Blu-ray Review: Douglas Sirk’s Written on the Wind on the Criterion Collection

If the film is undoubtedly Sirk’s giddiest trash entertainment, it’s also the shallowest example of his less-heralded humanist acuity.

Written on the WindCamp just blossoms bigger in Texas. At least, that’s how it feels throughout Douglas Sirk’s Written on the Wind, even taken in the context of his other supersized ’50s sudsers like All That Heaven Allows, Imitation of Life, and Magnificent Obsession. Unlike those other three films, all spectacular hits in their era that can now be appreciated by squares and hipsters alike, Written on the Wind wears its crassness as a badge of honor, revels in the bad behavior of its purported antagonists rather than tut-tutting their venal excesses, and comes as close as any of Sirk’s major works to flipping the script on which characters most deserve the audience’s sympathies.

That last point is a wavelength that Rainer Werner Fassbinder, in one of the finest pieces of film criticism that Sirk ever received or a filmmaker ever penned, picked up on and advanced in his own ever more perverse string of classic variations on the melodramatic form. In his analysis, Fassbinder writes: “In Written on the Wind the good, the ‘normal’, the ‘beautiful’ are always utterly revolting; the evil, the weak, the dissolute arouse one’s compassion. Even for the manipulators of the good.”

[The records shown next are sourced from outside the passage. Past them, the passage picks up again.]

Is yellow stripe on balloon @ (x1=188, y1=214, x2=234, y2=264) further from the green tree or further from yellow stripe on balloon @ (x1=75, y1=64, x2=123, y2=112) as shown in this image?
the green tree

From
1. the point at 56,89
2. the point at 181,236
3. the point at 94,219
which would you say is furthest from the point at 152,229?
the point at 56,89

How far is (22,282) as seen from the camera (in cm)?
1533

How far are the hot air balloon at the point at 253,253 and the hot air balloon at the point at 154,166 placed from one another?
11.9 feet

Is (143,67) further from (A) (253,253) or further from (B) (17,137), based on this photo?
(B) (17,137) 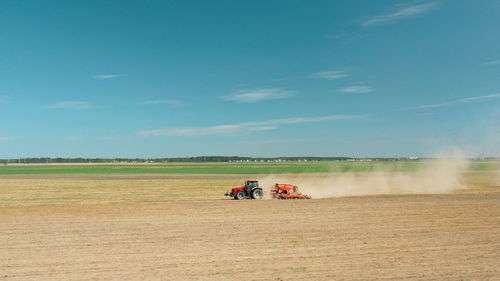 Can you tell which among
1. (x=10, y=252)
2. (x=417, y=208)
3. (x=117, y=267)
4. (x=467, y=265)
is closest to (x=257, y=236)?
(x=117, y=267)

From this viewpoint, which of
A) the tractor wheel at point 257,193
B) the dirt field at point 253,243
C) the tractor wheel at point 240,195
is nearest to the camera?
the dirt field at point 253,243

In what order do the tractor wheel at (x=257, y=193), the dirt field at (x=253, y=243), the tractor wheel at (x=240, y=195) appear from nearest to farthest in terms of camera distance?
the dirt field at (x=253, y=243) → the tractor wheel at (x=257, y=193) → the tractor wheel at (x=240, y=195)

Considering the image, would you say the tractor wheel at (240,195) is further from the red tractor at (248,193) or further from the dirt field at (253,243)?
the dirt field at (253,243)

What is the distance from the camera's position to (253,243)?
1742 centimetres

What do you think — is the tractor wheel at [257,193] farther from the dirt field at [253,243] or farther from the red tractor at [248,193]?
the dirt field at [253,243]

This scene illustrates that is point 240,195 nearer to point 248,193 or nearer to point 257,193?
point 248,193

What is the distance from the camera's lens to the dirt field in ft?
43.5

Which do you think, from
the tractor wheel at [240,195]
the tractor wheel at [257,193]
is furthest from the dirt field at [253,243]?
the tractor wheel at [240,195]

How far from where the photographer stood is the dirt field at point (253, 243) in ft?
43.5

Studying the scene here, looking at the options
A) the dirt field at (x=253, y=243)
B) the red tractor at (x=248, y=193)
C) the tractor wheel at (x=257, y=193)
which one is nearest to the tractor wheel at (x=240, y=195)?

In a nutshell, the film traces the downward trajectory of the inhumanly wealthy oil family of siblings Kyle (Robert Stack) and Marylee Hadley (Dorothy Malone, in a pink lip-smacking, Oscar-winning performance). The family patriarch, Jasper (Robert Keith), has clearly failed to instill in his heirs any sense of moral obligation, and pretty overtly favors Kyle’s best friend, Mitch (Rock Hudson), over his own son. So, too, for that matter, does Marylee, who has spent her entire post-pubescent life draping herself all over an otherwise stoically unmoved Mitch. So she offsets her thwarted libido by gallivanting around their spare, industrial Texas town, hoping that maybe, just maybe, Mitch’s sense of duty will someday kick in and he’ll marry her.

Advertisement

Enter Lucy Moore (Lauren Bacall), the sultry-saintly secretary whose courtship with Kyle and simultaneous kinship with Mitch proves to be the catalyst for breaking the Hadleys’ sexual stalemate. Fassbinder astutely pegged Hudson’s Mitch as “all in all the most pig-headed bastard in the world,” and one’s easily tempted to slot the increasingly judgmental Lucy right alongside him. Both spend the bulk of the film making a vice of virtue, with Lucy in particular holding her temperance and level-headedness over the impetuous Kyle’s screwed-up head.

As Fassbinder noted, the more Kyle sinks into drink, the more Lucy abstains from not just the bottle but the nipple too. Indeed, their entire frigid marriage is a daily program of the ways that she needs none of what he has to offer—a reality that metastasizes right into the marrow of their relationship when a doctor informs Kyle that, no, there’s nothing wrong with his wife’s womb. The fault of their childless existence is entirely his own, and it’s a revelation that’s capped off by possibly the most overtly garish Freudian externalization of internal conflicts that Sirk ever filmed: a romper-wearing tot lasciviously riding a coin-operated horse.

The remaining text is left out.